School of Internet of Things Engineering, Wuxi City College of Vocational Technology, Wuxi 214153, China.
School of Internet of Things Engineering, Wuxi City College of Vocational Technology, Wuxi 214153, China.
J Theor Biol. 2018 Jun 14;447:147-153. doi: 10.1016/j.jtbi.2018.03.034. Epub 2018 Mar 27.
Presynaptic neurotoxins and postsynaptic neurotoxins are two important neurotoxins isolated from venoms of venomous animals and have been proven to be potential effective in neurosciences and pharmacology. With the number of toxin sequences appeared in the public databases, there was a need for developing a computational method for fast and accurate identification and classification of the novel presynaptic neurotoxins and postsynaptic neurotoxins in the large databases. In this study, the Multinomial Naive Bayes Classifier (MNBC) had been developed to discriminate the presynaptic neurotoxins and postsynaptic neurotoxins based on the different kinds of features. The Minimum Redundancy Maximum Relevance (MRMR) feature selection method was used for ranking 400 pseudo amino acid (PseAA) compositions and 50 top ranked PseAA compositions were selected for improving the prediction results. The motif features, 400 PseAA compositions and 50 PseAA compositions were combined together, and selected as the input parameters of MNBC. The best correlation coefficient (CC) value of 0.8213 was obtained when the prediction quality was evaluated by the jackknife test. It was anticipated that the algorithm presented in this study may become a useful tool for identification of presynaptic neurotoxin and postsynaptic neurotoxin sequences and may provide some useful help for in-depth investigation into the biological mechanism of presynaptic neurotoxins and postsynaptic neurotoxins.
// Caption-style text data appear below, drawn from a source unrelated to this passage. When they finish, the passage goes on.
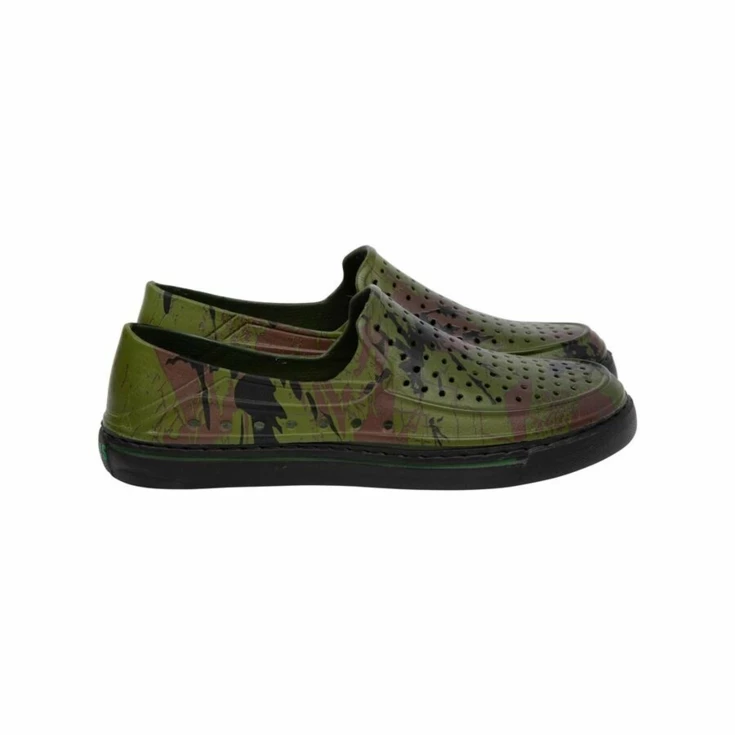 Navitas: Boty AXOL Slip On Camo UK11 EU45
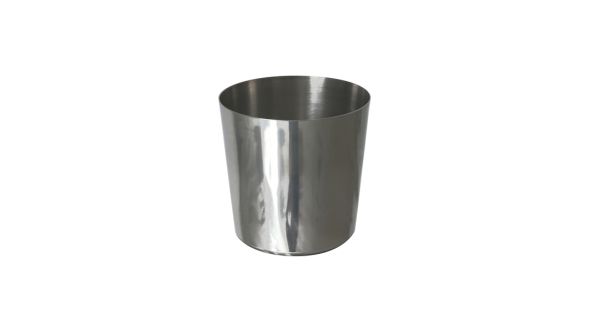 Stainless Steel Serving Cup 8.5 x 8.5cm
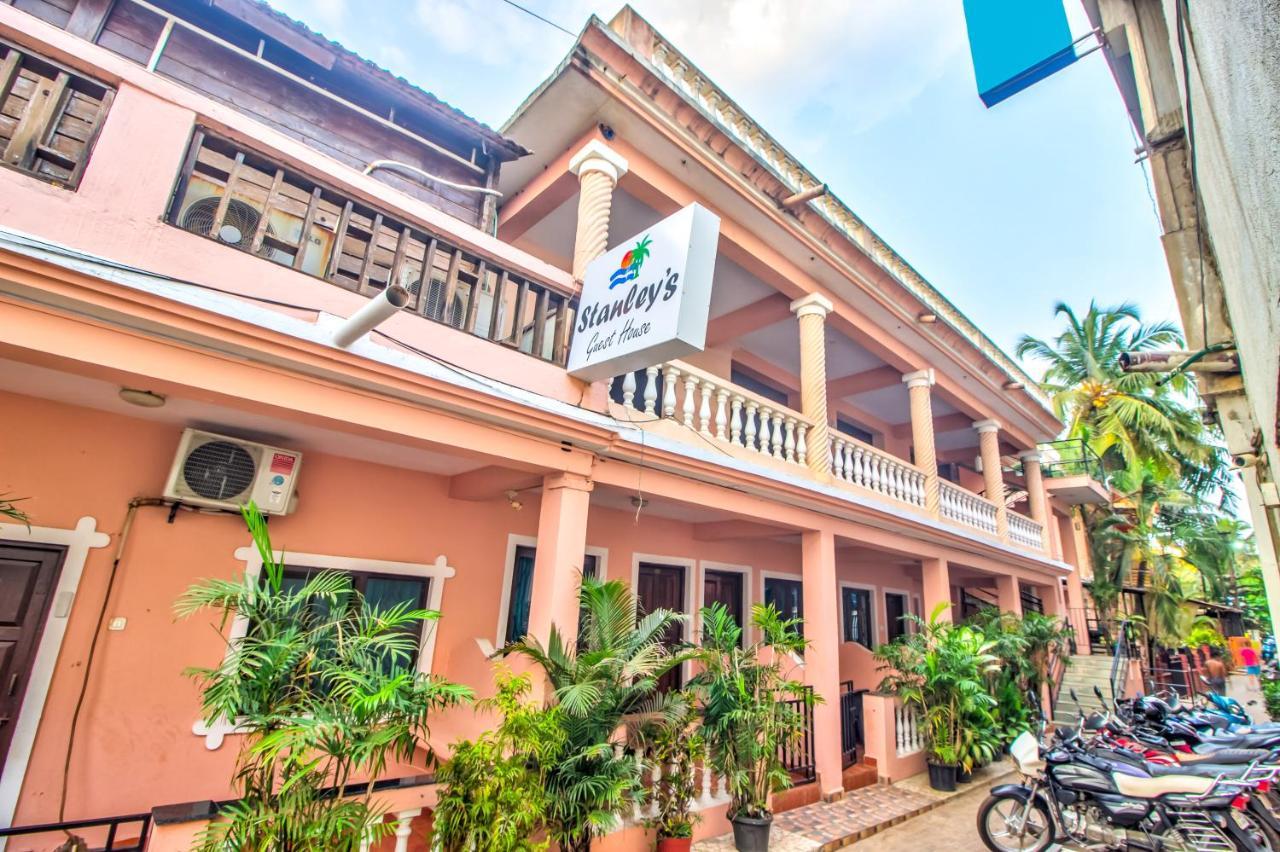 Stanleys Guest House Baga Ngoại thất bức ảnh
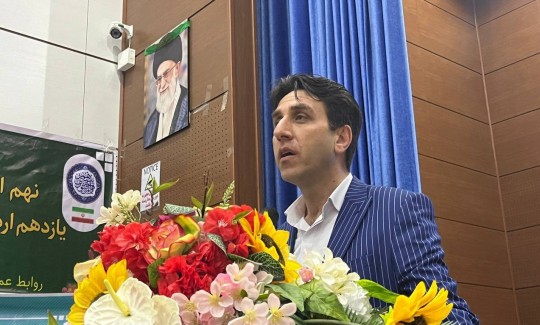 شهرداری خرمدشت پشتیبانی کم نظیر در تامین امنیت منطقه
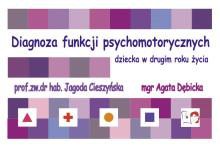 Zestaw. Diagnoza funkcji psychom. dziecka w 2 r.ż.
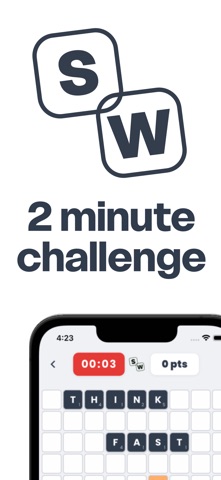 SoloWords screenshot
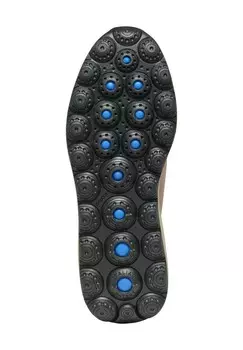 Кроссовки на шнуровке SPHERICA Geox, бежевый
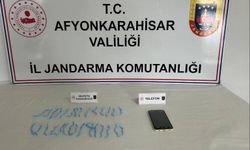 Uyuşturucu ile yakalanan şahıs tutuklandı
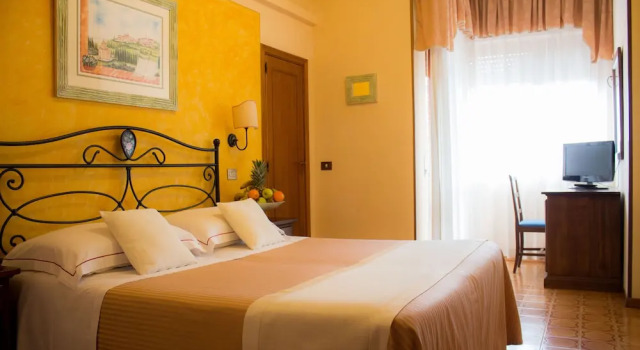 Номер Comfort Hotel Ristorante Tre Stelle
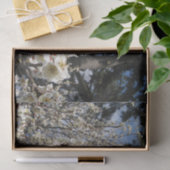 Weißes Kirschbär / Sakura / ラ(桜) Seidenpapier (Geschenk)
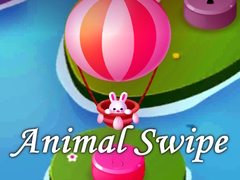 Permainan Animal Swipe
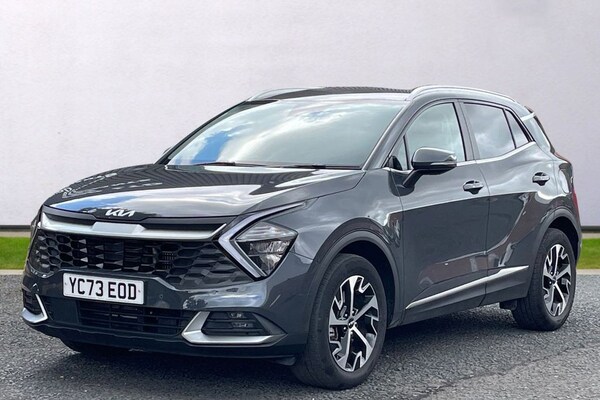 Used Kia Sportage 2023 for sale - 75716176: Photo 3
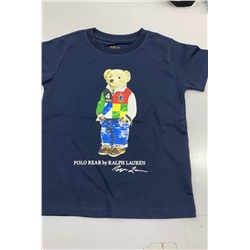 Детская футболка, экспорт, хлопок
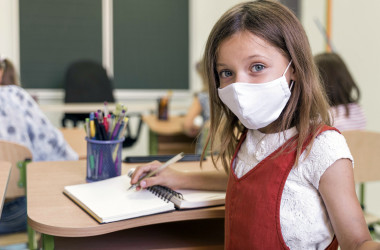Ученикам после самоизоляции не нужно проходить ПЦР-тест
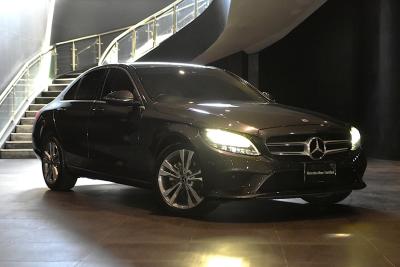 Mercedes-Benz C-CLASS W 205 (ปี14-21) ปี 2021 ราคา 1190000 (C2026081402)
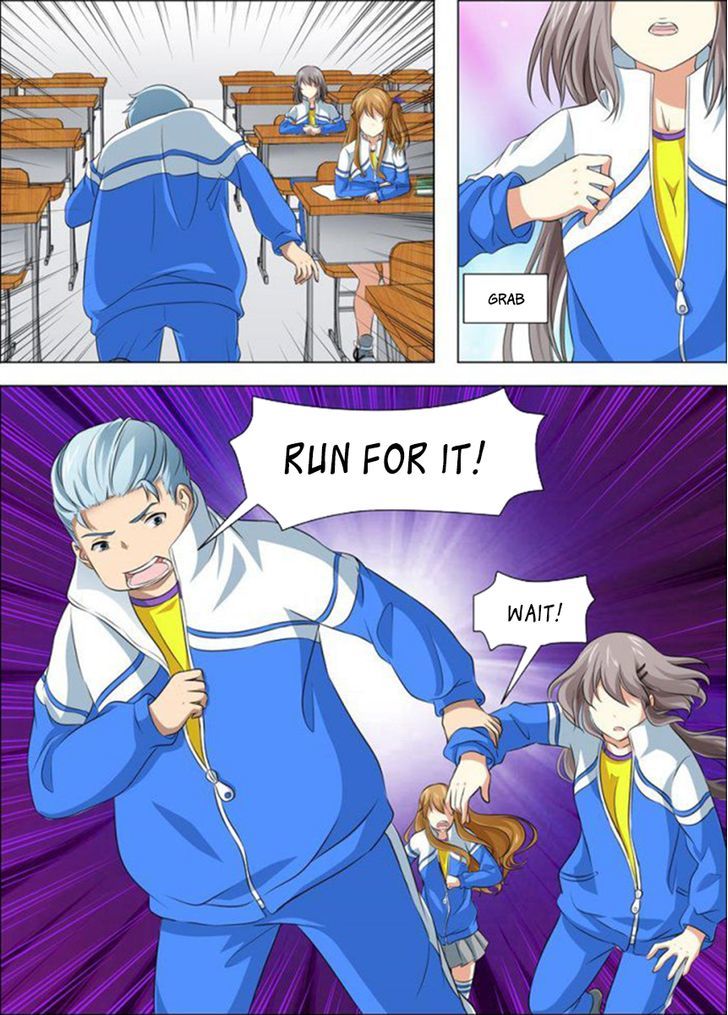 Victim Chapter 7 page 9 - Chapter 7 : Don't Talk While Playing Games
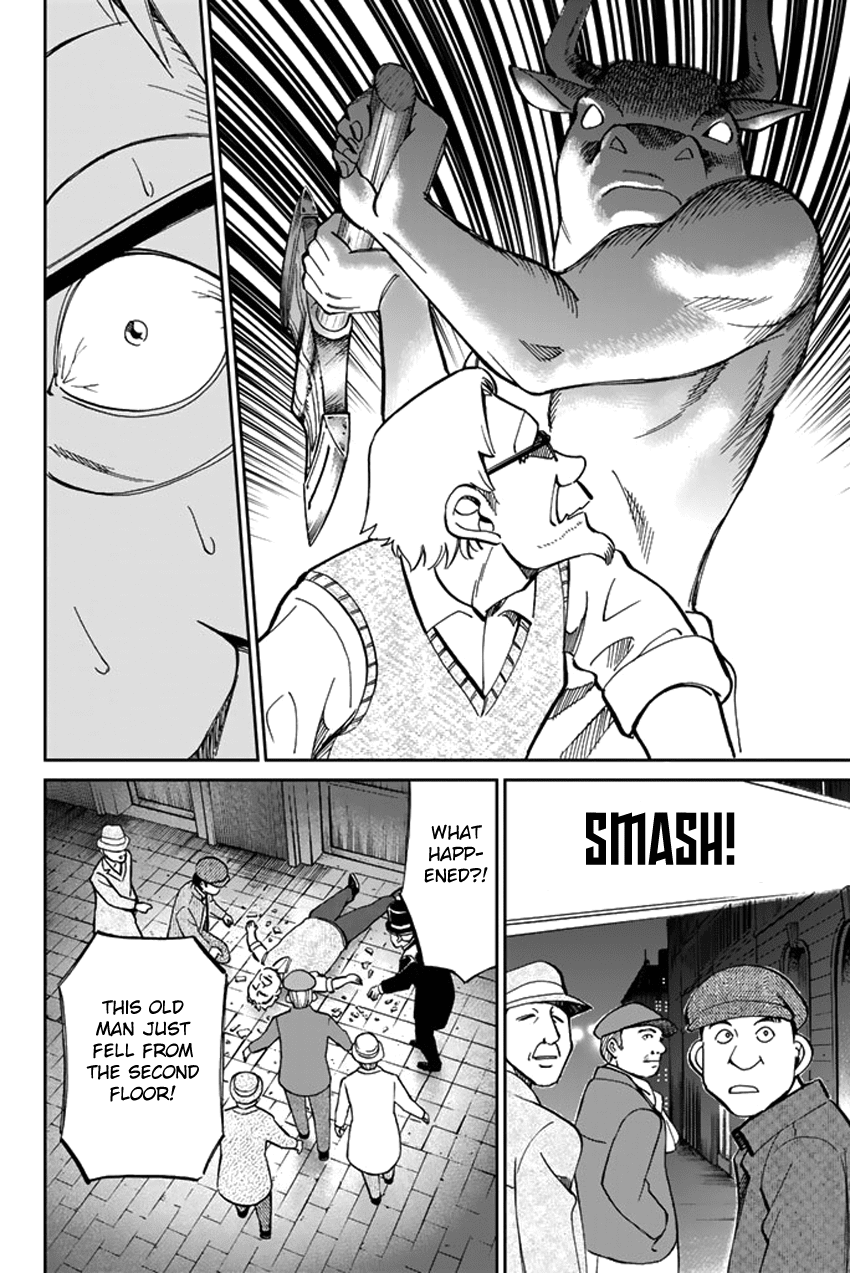 C.M.B. Chapter 39 page 10 - Chapter 39: A Thread From Araidne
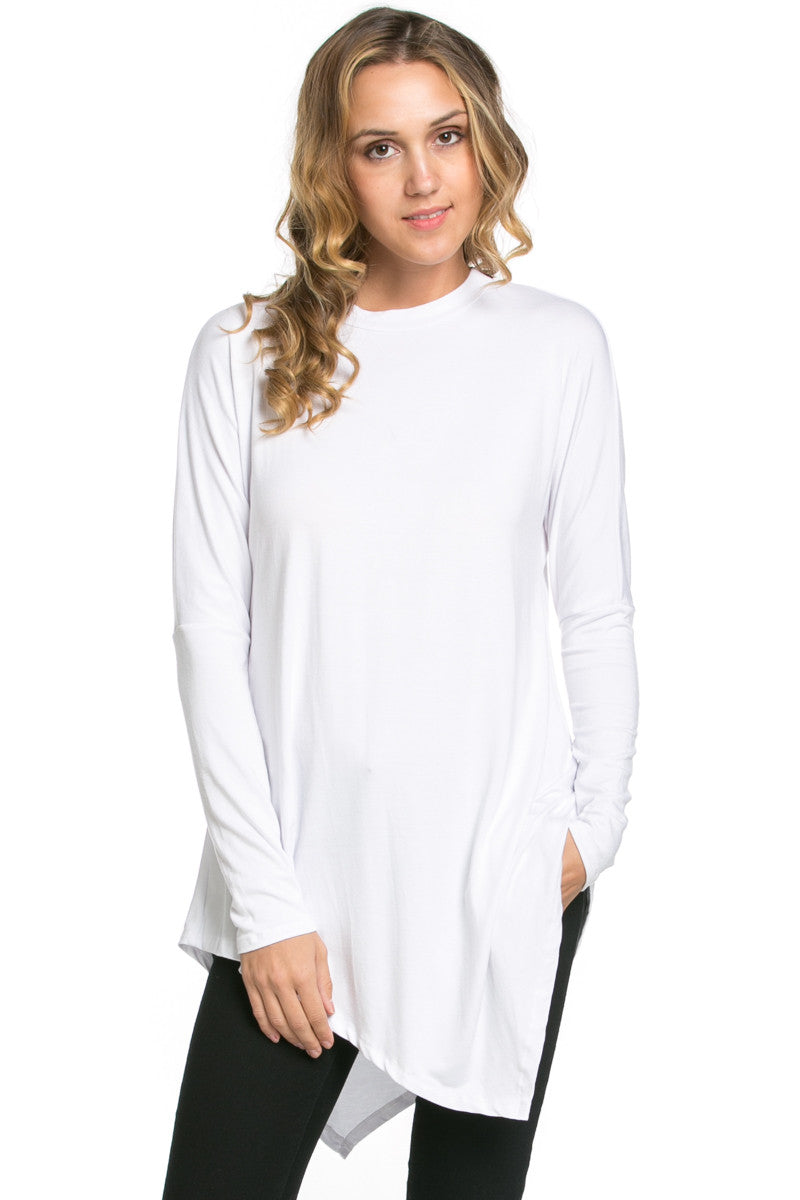 Choose color variation Bell Sleeve Tops. Showing 40 of results that match your query. Search Product Result. Product - Womens Namast'ay in Bed Long Sleeve Yoga Tee Shirt - Vintage Black. Product Image. Price $ Product Title. Womens Namast'ay in Bed Long Sleeve Yoga Tee Shirt - Vintage Black.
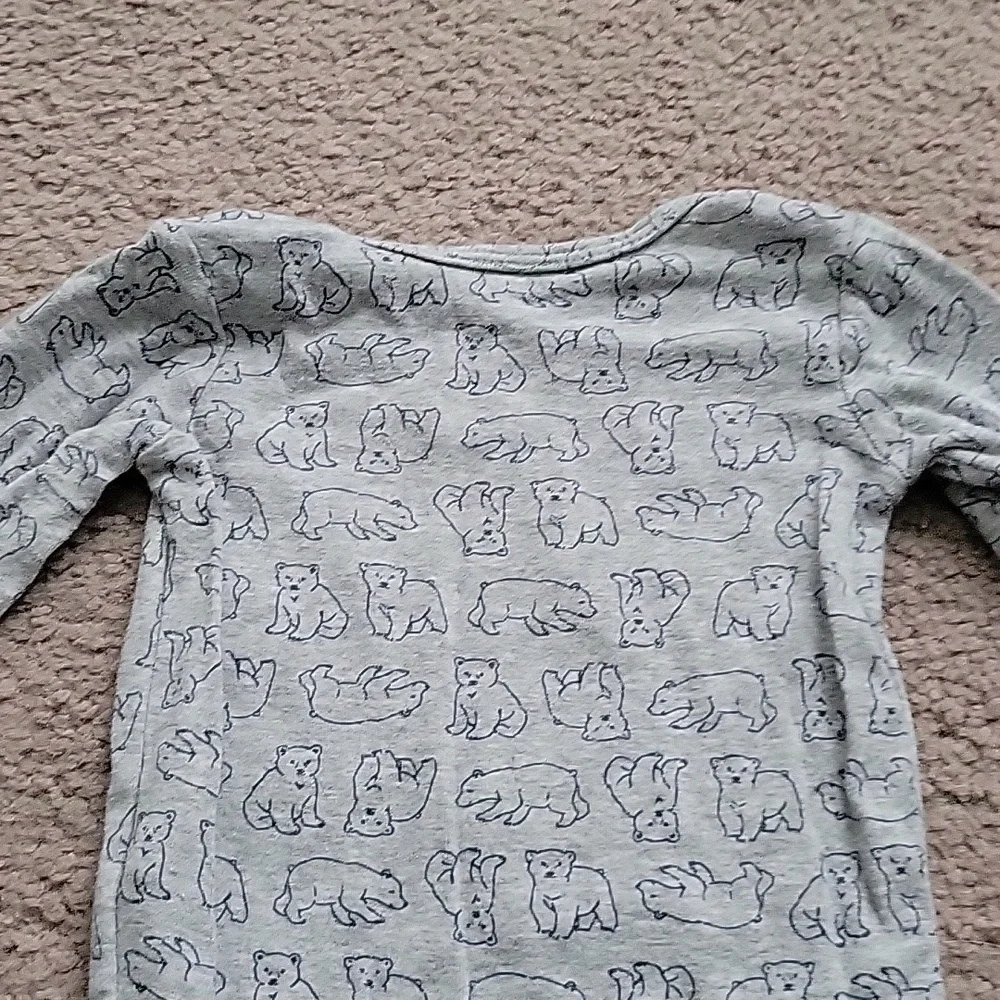 Carter's Baby Boy's Onesie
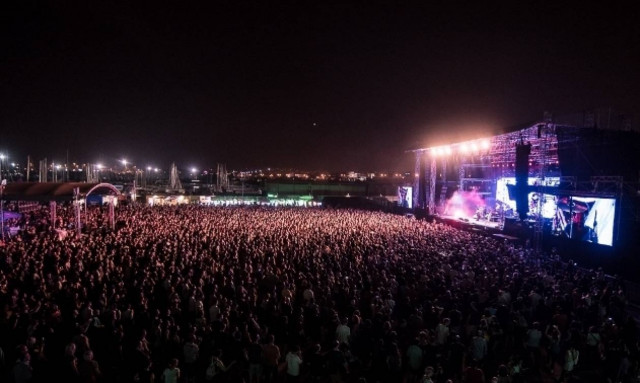 Release Athens Festival 2017: «Έριξε αυλαία» με Thievery Corporation και Archive (pics)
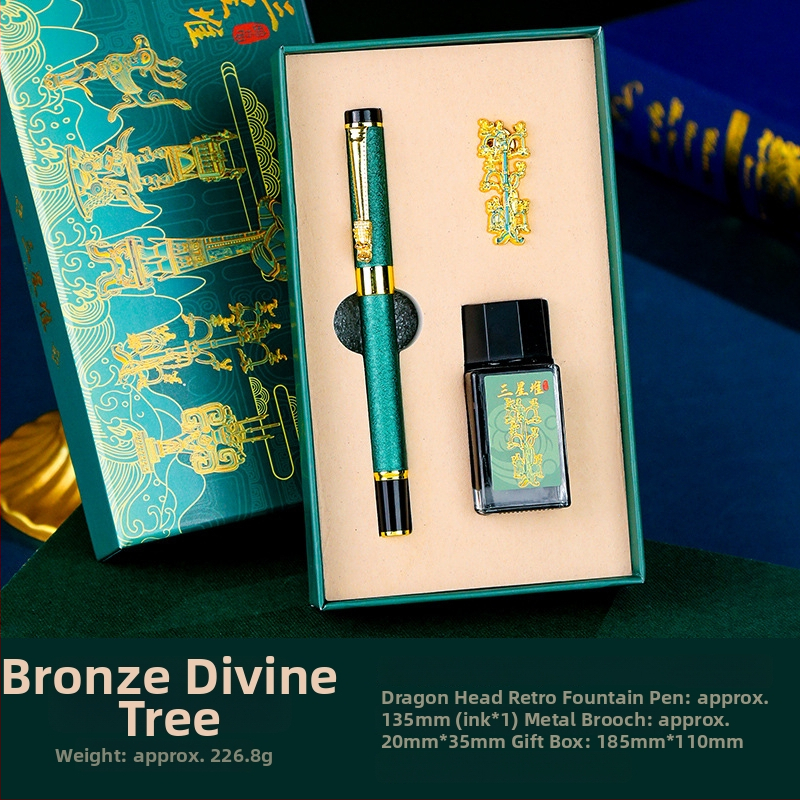 Fém kitűző – modern művészeti stílus, ajándék születésnapra, diplomaosztóra és bulira, barátoknak és osztálytársaknak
突触前神经毒素和突触后神经毒素是从毒液中分离出来的两种重要神经毒素,已被证明在神经科学和药理学中具有潜在的有效性。随着公共数据库中出现的毒素序列数量的增加,需要开发一种计算方法,以便在大型数据库中快速、准确地识别和分类新型突触前神经毒素和突触后神经毒素。在这项研究中,开发了多项式朴素贝叶斯分类器(MNBC),以基于不同的特征来区分突触前神经毒素和突触后神经毒素。最小冗余最大相关性(MRMR)特征选择方法用于对 400 种伪氨基酸(PseAA)组成进行排序,选择前 50 种 PseAA 组成以提高预测结果。将模体特征、400 种 PseAA 组成和 50 种 PseAA 组成组合在一起,作为 MNBC 的输入参数。通过 Jackknife 测试评估预测质量时,获得了最佳相关系数(CC)值 0.8213。预计本研究提出的算法可能成为识别突触前神经毒素和突触后神经毒素序列的有用工具,并可能为深入研究突触前神经毒素和突触后神经毒素的生物学机制提供一些有用的帮助。